C'est là que je la sens, entre le paquet de mouchoirs et le fond de la poche. Une pierre toute ronde, lisse comme un galet, avec juste quelques stries sur le dessus de la partie la plus bombée. 
J'ai une amie championne du monde pour glisser ses petits galets porte-bonheur dans les poches ou les tiroirs de bureau des copines, elle pense que ça peut aider à éloigner les angoisses et les inquiétudes.
Cela dit, on ne s'est pas vues depuis un moment, donc elle ne peut pas être à l'origine de cette apparition dans ma poche. Et puis globalement, j'ai plutôt les idées roses que noires ces temps-ci, alors elle peut refiler ses petits cailloux à des gens dans le besoin.

Quand je le sors de ma poche, le caillou clandestin m'apparaît d'abord assez banal. Il ressemble à ce que mes doigts avaient deviné. Lisse comme un œuf. Et les stries sont en fait des caractères de l'alphabet runique. 
Au moment où je passe mon pouce sur ces symboles, la pluie redouble. Pourtant, je ne la sens pas. Une sorte de dôme lumineux s'est formé autour de moi. Il m'entoure tel un halo irisé passant par toutes les lumières de l'arc-en-ciel. Je ne suis même pas inquiète tant la sensation de chaleur qui m'entoure est sécurisante. Un vrai cocon. 
Les cris des enfants sont loin, je suis dans du coton, bercée par une musique douce qui semble venir...

[bip bip bip]

...ah ben du radio-réveil en fait. 
Qui vient de déclencher sa deuxième alarme parce que je n'avais pas réagi à la première !

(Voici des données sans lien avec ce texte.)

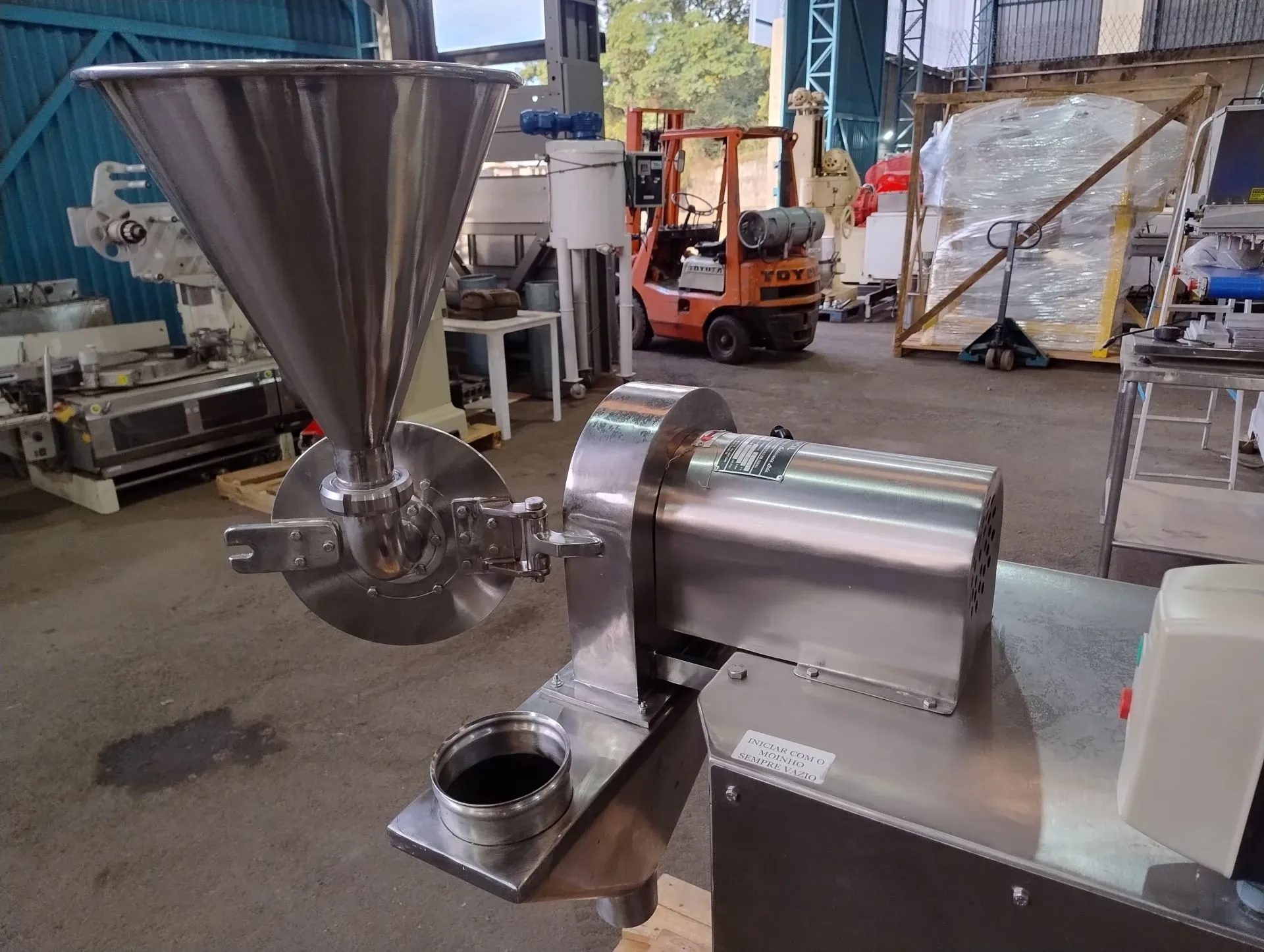 moinho-universal-em-aco-inox-capacidade-de-100-a-200-kg-hora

La bonne nouvelle, c'est que je suis encore sous la couette.
La mauvaise, c'est que la récré n'est pas encore passée. Et ce bruit sur le rebord de ma fenêtre m'indique qu'il tombe des cordes ! Je sais maintenant d'où venait mon rêve étrange.

Douche, petit-dej, je glisse ma gamelle dans un sac, je remballe les dernière copies qui traînent sur mon bureau pour boucler mon cartable.
Chaussures, écharpe, manteau,... 
Avant de partir, je vérifie si j'ai des mouchoirs dans ma poche...
La pierre est toujours là.
par MissTortue

jeudi 20 décembre 2018

Galet

Consigne donnée par la Fée : 
Imaginez que vous mettez la main dans votre poche, et que vous en sortez une jolie pierre. Vous ne savez pas du tout comment elle est arrivée là. Maintenant, vous allez imaginer, et donc écrire, un texte à son propos. A quoi ressemble-t-elle ? Quelle taille fait-elle ? Quelle est sa couleur ? Est-elle adoucie par l’eau de mer, un peu coupante, cabossée, brillante ? Et allez plus loin encore : est-elle banale ? Renferme-t-elle un secret ou les traces d’une civilisation passée ? Est-elle magique ? Et si oui, quelle est sa fonction ? Laissez libre cours à votre inventivité…
A vous de jouer !


Des averses ce matin… Temps d’automne ! Il faut que je ressorte mon imperméable qui restait caché au fond de la penderie depuis le printemps. Non pas qu’il n’aie pas plu de tout l’été, je sens venir les sarcasmes !... Mais, comme tout bon breton, j’ai un imper chaud pour l’hiver et un imper léger pour l’été ; et pas de parapluie, la pluie s’accompagnant le plus souvent de vent rendant l’usage du pépin périlleux. J’enfile mon imper et je sors. 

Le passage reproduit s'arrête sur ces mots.